Opus Newton: Building community first
There is a vibrant community forming around the 2Life Opus campus in Newton — and the groundbreaking hasn’t even taken place. As reservation deposits have continued to flow in, prospective Opus residents are already connecting with each other as they realize their common bond: a deep desire to be part of a community.
pus is focused not just on providing a quality living alternative for middle-income individuals 62+, but also on creating a true community of engaged and supportive neighbors. That process has already begun, as depositors have started connecting with each other.
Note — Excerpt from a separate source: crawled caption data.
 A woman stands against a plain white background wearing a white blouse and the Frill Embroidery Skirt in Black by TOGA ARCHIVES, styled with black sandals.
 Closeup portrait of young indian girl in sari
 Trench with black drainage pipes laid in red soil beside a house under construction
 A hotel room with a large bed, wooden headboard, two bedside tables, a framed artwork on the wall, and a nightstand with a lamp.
“We’ve met some really nice people,” says Roberta Taylor, who, along with her husband, Bruce, attended some of the Opus get-together events. “We met one couple with whom we’re planning to get together, and we communicate by email.”
Roberta says the sense of community forming around Opus is one of its most attractive aspects. “I’m looking forward to being with like-minded people from all walks of life.”
Linda Helfet, another Opus depositor, agrees. “When we heard about Opus, what we liked about it was not just that we could afford it but the value system as well. People caring about each other, working with each other, and supporting each other. We realized here is an opportunity to actually make a community.”
Linda became an active advocate for Opus, spreading the word and encouraging others to jump on board. “We have a community of friends and acquaintances who we feel are compatible with the Opus concept,” Linda says, noting she and her husband, Bill Hilliker, have participated in dinners to bring people together, inviting others to join.
"Being part of a community where you are making new friends and where there are people who can support you and who you can support is very comforting. I think Opus is attracting people who want to learn from each other and make the world better. - Linda Helfet
Many future residents are particularly attracted to the volunteering component, where each resident will devote time to create inspiring activities, assist others and to support Opus operations, such as working at the reception desk, driving a neighbor to an appointment or organizing a lecture series on relevant topics.
“I think the volunteering requirement is absolutely inspired,” said depositor Liz Diamond. “It’s one of the things I love about the Opus concept, because I believe that volunteering creates community. It brings out the best in people.”
Margie Beal and Sue Andrews agree. “We didn’t want to be in an environment where we were being served, where we were being ‘taken care of’ or ‘professional customers.’ We wanted something that would allow us to serve.”
There will be multiple ways for future Opus residents to engage during the construction phase. A special online portal exclusively for depositors will offer a convenient way to network with other future Opus residents, access updates and progress reports, and sign up for planned events. Those events will include a series of seminars on a range of topics important to Opus depositors, such as tips on planning for the sale of their home, choosing what to bring to Opus, downsizing, and options for donating items to people who need them. Upcoming surveys and focus groups will provide another avenue for depositors to take an active role in helping shape the programs and personality of Opus.
Sharon Adams Brooks, who has been part of the team leading Opus for seven years, says the response to Opus has been nothing short of amazing. “I’ve been in this field for decades, and never before have I seen people coming in the door stating, ‘I want to live in community’ as their primary reason for a move. They want to have a purpose and to have genuine connections with other people. That’s what Opus is all about.”